More flexibility: Alternative payment models are shifting the health care system away from rewarding providers for the volume of services provided, in favor of tying payments more to quality outcomes and coordinated services. Home health is an important player in these models, as it is often the lowest-cost setting and also is the place where patients themselves would prefer to receive care. However, related to the issue of regulatory barriers, the way that some of the alternative payment models are designed does not allow home health to fully maximize its value.

The requirement that Medicare beneficiaries be “homebound” in order to utilize home health services was one such constraint identified in the report. For alternative payment models, such as bundled payments or accountable care organizations (ACOs), there is the potential that waivers can be tested to provide more flexibility in who can tap home health benefits.

These sorts of waivers should indeed be tested to help encourage practices that both are clinically appropriate and cost effective, the report recommends.

Targeted fraud crackdowns: Government watchdogs and other oversight bodies have singled out home health fraud as a major issue, and have launched aggressive efforts to identify and root out bad actors.

While such efforts are needed to ensure program integrity and reduce waste, when crackdowns become overly broad, they risk imposing unsustainable burdens on high quality providers, the report notes.

While it is not specifically mentioned in the report, one such problematic fraud prevention program is the Pre-Claim Review (PCR) demonstration currently underway in Illinois, according to AHHQI’s Lee.

“Pre-claim review’s focus is the review of home health documentation,” Lee said. “The irony is that truly bad actors may be fabricating documentation that can look perfect. But for a good, compliant home health provider that knows the importance of coordinating care and working well with the physician, who should be providing appropriate documentation, the pre-claim review process is a major obstacle to operation.”

Moving Forward

In addressing these three areas, the home health industry will need to engage multiple stakeholders, including patients, caregivers, policymakers, and payers, the report states. Another essential strategy is going to be collecting the data to make a compelling argument to the necessary individuals and organizations, according to Tracey Moorhead, CEO and president of the Visiting Nurse Associations of America (VNAA) and an author of the report.

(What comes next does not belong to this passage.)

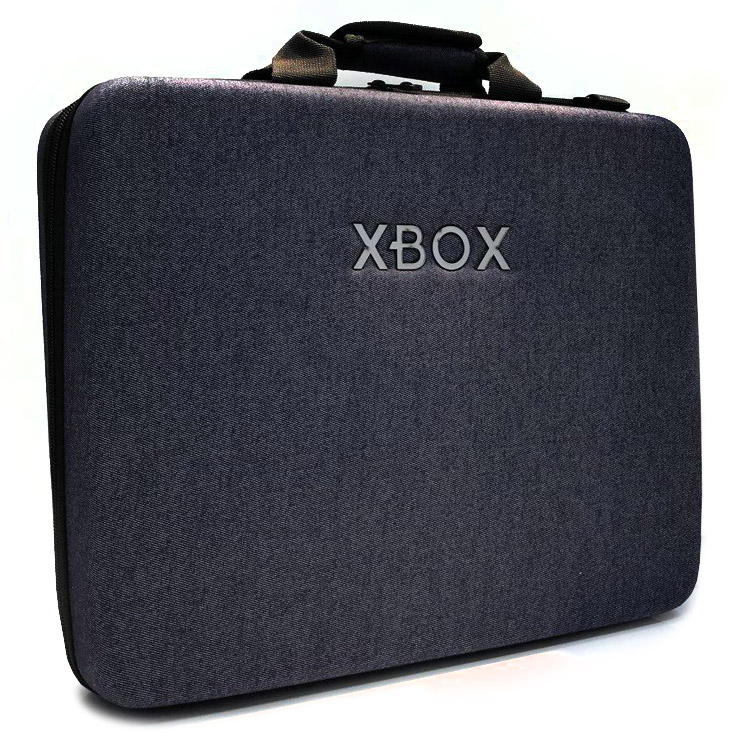 خرید کیف ضدضربه Xbox One - طرح A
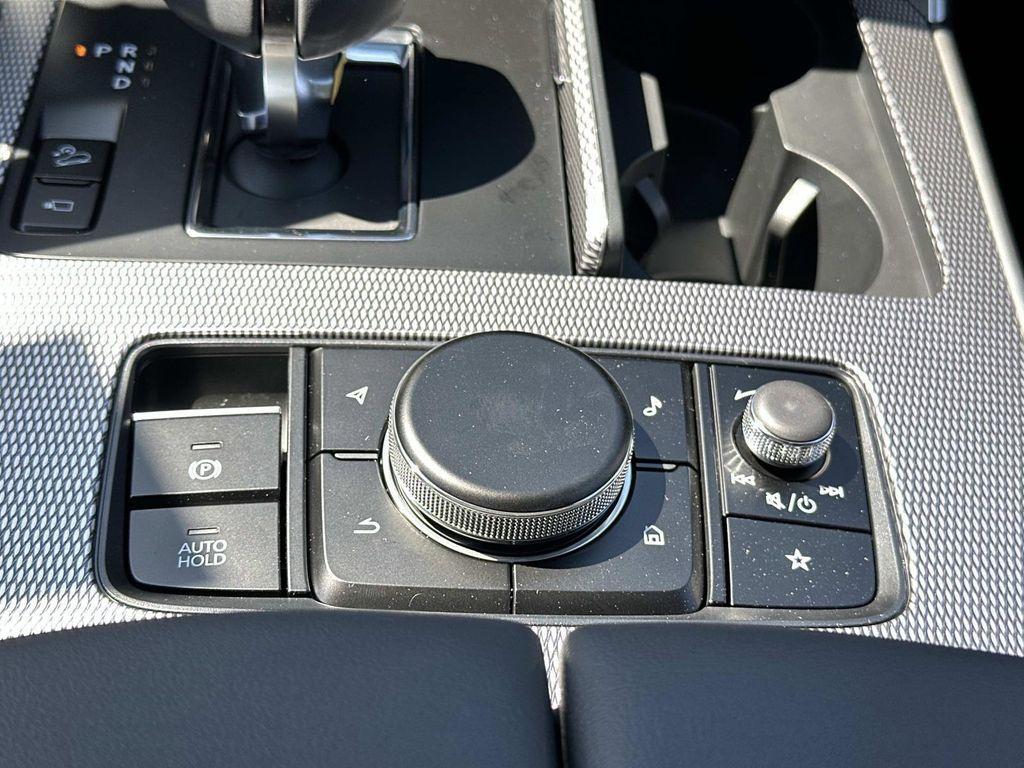 new 2026 Mazda CX-90 car, priced at $50,509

“I think that the most critical component of overcoming the current regulatory and administrative burden is effectively developing and communicating the evidence case for the value of home-based care,” Moorhead told HHCN. “It’s going to take real data, it’s going to require us to show that we have a cost savings opportunity in health care to help improve value, to get us that seat at the table we need in the deisgn of those health care delivery models.”

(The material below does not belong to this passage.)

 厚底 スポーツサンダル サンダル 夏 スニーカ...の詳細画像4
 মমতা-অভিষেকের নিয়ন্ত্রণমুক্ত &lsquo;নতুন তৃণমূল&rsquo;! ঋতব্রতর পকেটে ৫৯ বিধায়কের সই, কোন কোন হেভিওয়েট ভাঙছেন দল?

One effort she singled out is AHHQI’s research into the value that home health contributes in episodes of care related to joint replacements.

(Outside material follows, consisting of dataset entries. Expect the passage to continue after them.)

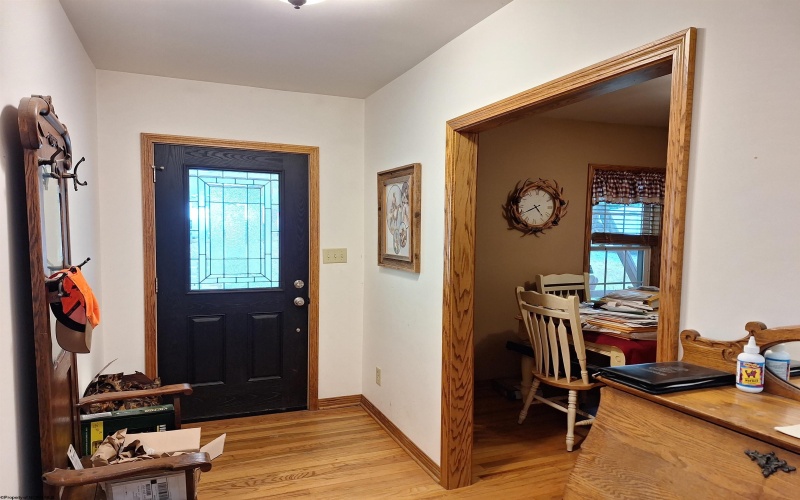 583 Gallop Run Road, Lost Creek, West Virginia 26385, 3 Bedrooms Bedrooms, 8 Rooms Rooms,1 BathroomBathrooms,Single Family Detached,For Sale,Gallop Run,10151512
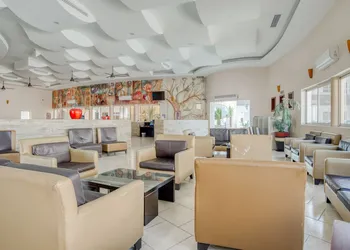 Hotel Maioris Guadalajara hotel thumbnail 5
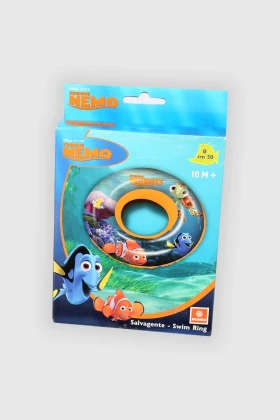 Nemo Swim Ring for 10 Months Kid 16114 SS22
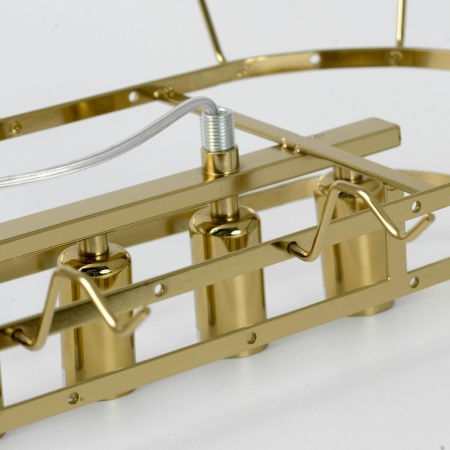 Люстра потолочная Lussole LSP-8840 от интернет-магазина IDODOM.RU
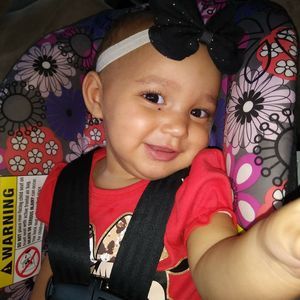 Meet your Posher, Arlene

“VNAA has also developed a database where we’re collecting data from many of our members, and we’ve developed a dashboard that demonstrates outcomes and impact,” she said. “We can track how our agencies are doing against a national average for specific conditions and populations, and this, too, is another component to that evidence-case for home-based care.”

The fact that CMS recently delayed the further rollout of pre-claim review is one reason to believe that policymakers indeed are receptive to the sort of evidence-based case that the home health industry can put together, Lee said.

The three areas foregrounded in the report are far from the only challenges facing home health agencies—for example, workforce issues also are top-of-mind for many providers, as the AHHQI paper also described. But while creating change across all these domains and creating the “home health agency of the future” may not be easy, the rewards of doing so could be profound—as the report concludes, “the pursuit of this transformation process has the potential to improve the way health care is delivered in America.”